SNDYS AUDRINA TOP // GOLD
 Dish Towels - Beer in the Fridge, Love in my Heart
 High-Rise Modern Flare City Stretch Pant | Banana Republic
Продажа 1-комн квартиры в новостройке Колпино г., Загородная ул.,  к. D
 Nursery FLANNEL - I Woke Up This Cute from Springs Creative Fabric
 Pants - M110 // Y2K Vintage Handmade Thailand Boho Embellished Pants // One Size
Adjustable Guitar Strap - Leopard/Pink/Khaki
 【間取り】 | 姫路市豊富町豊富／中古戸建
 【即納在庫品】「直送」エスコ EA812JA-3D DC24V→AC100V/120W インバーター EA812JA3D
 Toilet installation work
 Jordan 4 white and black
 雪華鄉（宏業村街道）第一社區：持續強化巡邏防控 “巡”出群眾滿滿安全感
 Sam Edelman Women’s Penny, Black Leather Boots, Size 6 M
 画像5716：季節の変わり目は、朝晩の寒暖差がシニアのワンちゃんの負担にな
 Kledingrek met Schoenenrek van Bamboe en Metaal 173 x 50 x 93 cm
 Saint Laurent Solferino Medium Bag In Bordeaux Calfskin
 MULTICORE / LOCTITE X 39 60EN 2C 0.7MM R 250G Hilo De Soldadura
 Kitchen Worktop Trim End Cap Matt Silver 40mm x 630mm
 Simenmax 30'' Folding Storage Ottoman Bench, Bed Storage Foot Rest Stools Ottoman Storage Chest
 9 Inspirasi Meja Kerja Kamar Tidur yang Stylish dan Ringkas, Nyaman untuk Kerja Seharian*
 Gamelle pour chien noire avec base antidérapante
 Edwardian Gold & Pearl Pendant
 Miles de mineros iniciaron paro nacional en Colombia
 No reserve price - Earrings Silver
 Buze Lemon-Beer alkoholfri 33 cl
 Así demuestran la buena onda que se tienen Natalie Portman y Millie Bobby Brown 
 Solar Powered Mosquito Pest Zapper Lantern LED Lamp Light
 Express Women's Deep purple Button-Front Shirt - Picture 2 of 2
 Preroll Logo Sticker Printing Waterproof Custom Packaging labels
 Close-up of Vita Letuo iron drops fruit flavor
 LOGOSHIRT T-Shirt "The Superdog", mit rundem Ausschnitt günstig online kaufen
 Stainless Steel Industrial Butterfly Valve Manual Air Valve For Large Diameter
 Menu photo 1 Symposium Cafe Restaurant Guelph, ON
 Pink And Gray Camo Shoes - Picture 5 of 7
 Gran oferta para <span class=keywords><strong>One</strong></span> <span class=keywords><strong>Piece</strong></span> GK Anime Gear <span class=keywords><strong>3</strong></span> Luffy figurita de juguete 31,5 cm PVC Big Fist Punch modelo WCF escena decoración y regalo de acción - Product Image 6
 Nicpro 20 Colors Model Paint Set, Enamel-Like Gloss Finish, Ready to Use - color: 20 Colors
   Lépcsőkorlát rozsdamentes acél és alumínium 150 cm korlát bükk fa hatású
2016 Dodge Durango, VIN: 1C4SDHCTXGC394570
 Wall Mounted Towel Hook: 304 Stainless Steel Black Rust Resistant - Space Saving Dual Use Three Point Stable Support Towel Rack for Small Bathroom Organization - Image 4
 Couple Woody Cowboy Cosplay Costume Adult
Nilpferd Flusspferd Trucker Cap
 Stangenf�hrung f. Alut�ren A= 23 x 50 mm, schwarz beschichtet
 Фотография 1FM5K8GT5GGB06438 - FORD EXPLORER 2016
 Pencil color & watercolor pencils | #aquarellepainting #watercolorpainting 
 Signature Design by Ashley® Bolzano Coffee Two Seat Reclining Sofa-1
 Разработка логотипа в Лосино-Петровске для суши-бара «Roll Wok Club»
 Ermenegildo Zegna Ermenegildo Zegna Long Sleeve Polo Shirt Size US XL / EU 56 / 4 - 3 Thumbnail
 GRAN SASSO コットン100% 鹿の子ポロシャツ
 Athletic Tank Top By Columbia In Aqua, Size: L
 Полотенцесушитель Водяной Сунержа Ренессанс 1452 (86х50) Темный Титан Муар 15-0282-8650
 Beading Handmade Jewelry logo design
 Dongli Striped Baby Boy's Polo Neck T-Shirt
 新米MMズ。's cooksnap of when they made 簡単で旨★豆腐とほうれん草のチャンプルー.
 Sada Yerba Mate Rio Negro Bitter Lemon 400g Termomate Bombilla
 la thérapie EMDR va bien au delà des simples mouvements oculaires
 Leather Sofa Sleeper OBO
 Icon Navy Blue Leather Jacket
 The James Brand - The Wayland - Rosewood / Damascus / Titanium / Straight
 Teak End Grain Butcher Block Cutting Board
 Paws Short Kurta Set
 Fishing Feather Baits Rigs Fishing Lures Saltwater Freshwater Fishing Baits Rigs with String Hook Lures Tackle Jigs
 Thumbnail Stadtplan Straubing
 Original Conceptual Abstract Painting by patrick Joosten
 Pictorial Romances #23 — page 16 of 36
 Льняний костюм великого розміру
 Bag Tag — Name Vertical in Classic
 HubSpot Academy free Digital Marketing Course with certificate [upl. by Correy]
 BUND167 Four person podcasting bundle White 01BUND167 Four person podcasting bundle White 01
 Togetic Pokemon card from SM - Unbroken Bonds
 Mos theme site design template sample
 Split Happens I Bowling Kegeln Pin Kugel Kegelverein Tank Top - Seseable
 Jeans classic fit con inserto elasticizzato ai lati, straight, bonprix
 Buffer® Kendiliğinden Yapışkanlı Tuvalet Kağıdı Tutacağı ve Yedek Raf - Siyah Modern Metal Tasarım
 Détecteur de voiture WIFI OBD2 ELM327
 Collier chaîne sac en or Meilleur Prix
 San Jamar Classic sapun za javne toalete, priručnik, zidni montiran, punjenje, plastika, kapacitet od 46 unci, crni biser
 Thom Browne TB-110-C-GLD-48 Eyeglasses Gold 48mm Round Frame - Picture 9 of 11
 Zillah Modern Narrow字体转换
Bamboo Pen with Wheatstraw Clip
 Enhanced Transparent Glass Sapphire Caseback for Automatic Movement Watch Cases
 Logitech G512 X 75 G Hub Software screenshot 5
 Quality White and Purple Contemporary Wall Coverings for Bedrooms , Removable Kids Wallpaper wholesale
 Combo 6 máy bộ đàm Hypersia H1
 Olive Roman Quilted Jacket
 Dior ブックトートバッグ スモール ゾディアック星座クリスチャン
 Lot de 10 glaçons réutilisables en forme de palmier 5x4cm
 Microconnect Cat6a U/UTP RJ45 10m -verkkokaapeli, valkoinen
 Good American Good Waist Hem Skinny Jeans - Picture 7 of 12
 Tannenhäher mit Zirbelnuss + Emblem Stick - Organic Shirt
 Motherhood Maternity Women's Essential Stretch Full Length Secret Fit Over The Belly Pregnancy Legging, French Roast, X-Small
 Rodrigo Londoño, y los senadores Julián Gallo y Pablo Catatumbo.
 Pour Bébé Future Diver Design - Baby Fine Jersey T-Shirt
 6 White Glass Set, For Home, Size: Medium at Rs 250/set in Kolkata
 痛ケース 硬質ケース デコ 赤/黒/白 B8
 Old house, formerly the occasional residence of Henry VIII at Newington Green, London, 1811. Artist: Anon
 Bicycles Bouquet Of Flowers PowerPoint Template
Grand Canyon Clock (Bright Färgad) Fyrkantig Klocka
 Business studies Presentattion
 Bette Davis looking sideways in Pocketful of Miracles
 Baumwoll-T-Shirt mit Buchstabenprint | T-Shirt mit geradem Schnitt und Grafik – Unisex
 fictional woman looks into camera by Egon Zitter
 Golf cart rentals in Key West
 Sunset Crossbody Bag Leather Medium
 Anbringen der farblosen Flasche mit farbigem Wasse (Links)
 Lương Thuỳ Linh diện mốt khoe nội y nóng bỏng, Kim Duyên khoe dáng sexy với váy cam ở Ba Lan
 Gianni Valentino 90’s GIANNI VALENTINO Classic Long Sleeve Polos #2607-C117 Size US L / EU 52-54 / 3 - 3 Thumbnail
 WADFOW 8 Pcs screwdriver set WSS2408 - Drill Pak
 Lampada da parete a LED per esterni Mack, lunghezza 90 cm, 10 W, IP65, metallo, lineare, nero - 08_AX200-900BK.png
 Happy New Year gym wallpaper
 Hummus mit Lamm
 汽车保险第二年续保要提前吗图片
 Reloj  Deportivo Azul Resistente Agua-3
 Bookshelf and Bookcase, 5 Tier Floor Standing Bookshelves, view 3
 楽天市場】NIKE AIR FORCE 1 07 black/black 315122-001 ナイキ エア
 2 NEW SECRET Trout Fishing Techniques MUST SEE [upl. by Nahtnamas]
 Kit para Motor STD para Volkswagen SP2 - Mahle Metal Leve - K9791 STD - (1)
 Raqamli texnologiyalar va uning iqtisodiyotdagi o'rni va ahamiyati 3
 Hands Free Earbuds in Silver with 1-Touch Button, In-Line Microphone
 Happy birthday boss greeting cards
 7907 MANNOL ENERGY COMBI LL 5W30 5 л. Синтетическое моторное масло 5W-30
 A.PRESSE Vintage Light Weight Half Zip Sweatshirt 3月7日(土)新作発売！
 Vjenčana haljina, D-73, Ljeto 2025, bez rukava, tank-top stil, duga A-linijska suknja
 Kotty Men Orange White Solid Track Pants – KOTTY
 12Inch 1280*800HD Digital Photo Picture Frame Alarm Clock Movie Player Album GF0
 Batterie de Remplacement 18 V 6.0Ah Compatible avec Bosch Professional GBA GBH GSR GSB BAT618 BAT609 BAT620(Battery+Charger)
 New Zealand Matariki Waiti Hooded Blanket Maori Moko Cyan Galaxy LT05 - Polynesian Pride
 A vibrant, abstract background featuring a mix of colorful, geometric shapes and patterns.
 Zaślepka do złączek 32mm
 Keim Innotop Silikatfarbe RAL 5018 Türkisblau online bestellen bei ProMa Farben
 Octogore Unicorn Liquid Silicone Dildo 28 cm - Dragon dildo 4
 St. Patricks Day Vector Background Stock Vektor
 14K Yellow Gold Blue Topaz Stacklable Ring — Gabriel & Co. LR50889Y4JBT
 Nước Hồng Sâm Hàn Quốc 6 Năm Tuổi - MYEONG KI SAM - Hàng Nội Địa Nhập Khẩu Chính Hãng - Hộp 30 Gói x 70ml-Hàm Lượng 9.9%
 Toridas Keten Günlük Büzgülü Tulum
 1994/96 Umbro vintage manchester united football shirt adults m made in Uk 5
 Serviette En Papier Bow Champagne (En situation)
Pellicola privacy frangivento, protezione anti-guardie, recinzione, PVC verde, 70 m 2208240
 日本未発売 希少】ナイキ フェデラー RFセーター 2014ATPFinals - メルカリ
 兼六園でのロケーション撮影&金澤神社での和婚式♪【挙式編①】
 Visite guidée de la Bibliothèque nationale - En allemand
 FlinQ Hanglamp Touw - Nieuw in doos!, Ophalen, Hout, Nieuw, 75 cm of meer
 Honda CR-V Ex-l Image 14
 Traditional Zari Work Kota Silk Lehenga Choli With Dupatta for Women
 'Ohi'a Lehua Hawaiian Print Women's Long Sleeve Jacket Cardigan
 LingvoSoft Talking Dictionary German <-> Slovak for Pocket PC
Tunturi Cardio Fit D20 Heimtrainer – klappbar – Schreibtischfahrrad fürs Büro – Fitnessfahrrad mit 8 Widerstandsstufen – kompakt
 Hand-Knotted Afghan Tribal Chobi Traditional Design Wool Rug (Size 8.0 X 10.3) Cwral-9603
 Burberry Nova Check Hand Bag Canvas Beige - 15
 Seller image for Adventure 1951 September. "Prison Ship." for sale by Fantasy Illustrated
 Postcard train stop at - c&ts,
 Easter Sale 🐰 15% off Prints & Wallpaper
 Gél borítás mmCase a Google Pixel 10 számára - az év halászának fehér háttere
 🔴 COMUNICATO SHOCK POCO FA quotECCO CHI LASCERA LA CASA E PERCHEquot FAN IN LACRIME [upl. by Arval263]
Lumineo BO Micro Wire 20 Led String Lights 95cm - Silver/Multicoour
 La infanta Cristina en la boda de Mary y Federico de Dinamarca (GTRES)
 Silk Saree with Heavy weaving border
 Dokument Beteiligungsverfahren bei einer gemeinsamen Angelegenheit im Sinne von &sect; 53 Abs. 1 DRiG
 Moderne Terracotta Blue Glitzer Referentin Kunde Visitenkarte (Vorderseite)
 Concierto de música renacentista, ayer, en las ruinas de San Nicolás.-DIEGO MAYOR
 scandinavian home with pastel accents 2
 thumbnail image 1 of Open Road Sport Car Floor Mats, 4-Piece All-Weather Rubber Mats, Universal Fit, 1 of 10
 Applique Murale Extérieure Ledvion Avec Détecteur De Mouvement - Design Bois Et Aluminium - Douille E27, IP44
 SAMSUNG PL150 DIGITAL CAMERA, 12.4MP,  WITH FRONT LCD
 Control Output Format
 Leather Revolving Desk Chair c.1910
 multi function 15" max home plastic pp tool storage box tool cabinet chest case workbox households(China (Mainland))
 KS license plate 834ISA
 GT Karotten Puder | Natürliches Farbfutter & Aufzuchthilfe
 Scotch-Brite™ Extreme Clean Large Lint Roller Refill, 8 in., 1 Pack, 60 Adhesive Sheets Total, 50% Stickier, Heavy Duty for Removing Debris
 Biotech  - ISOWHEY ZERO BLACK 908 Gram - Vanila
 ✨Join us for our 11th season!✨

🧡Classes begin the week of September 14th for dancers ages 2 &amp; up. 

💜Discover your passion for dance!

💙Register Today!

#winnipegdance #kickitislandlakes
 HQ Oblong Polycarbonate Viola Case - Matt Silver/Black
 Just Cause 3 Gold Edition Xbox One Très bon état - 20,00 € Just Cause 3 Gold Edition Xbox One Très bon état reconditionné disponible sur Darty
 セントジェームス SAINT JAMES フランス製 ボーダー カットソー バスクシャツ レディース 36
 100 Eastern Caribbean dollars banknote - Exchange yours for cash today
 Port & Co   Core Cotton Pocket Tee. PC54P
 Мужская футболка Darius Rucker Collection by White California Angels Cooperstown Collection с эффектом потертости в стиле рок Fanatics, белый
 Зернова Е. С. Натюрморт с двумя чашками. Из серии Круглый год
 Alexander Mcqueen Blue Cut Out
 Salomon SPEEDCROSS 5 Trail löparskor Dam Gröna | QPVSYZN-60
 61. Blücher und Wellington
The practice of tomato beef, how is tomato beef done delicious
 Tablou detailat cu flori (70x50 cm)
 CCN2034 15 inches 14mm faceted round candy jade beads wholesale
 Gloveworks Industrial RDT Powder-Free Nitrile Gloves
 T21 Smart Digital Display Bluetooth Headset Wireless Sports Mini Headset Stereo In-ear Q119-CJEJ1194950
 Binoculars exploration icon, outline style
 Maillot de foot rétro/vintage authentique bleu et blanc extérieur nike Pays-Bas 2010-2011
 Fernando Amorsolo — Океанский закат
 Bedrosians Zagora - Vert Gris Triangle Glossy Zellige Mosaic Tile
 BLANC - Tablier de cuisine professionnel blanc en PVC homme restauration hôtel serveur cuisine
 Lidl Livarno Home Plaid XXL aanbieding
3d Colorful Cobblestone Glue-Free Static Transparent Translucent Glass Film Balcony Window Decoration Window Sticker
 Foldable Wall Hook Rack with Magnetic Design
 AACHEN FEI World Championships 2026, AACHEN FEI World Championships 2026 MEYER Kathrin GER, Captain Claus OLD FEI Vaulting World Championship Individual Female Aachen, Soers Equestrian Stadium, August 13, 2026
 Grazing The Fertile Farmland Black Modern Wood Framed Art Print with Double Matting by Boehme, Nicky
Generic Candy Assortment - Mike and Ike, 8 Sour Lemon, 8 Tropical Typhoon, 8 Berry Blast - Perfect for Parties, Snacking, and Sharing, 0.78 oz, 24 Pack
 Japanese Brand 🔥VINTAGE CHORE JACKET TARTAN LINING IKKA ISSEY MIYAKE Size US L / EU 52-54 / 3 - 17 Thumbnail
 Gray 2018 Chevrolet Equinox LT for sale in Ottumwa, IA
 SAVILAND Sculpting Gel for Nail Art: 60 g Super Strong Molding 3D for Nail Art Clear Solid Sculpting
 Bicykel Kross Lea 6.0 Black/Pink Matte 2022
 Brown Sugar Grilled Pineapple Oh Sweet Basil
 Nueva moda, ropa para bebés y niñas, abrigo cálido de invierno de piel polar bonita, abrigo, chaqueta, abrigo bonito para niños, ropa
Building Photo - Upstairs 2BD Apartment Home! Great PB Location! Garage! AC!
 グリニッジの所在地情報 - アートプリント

..............................

EXERCISE ->
Looking at the records above, return exactly the lines from the line with "Pellicola privacy frangivento, protezione" to the line with "LingvoSoft Talking Dictionary", both ends included.

SOLVED PROBLEM ->
Pellicola privacy frangivento, protezione anti-guardie, recinzione, PVC verde, 70 m 2208240
 日本未発売 希少】ナイキ フェデラー RFセーター 2014ATPFinals - メルカリ
 兼六園でのロケーション撮影&金澤神社での和婚式♪【挙式編①】
 Visite guidée de la Bibliothèque nationale - En allemand
 FlinQ Hanglamp Touw - Nieuw in doos!, Ophalen, Hout, Nieuw, 75 cm of meer
 Honda CR-V Ex-l Image 14
 Traditional Zari Work Kota Silk Lehenga Choli With Dupatta for Women
 'Ohi'a Lehua Hawaiian Print Women's Long Sleeve Jacket Cardigan
 LingvoSoft Talking Dictionary German <-> Slovak for Pocket PC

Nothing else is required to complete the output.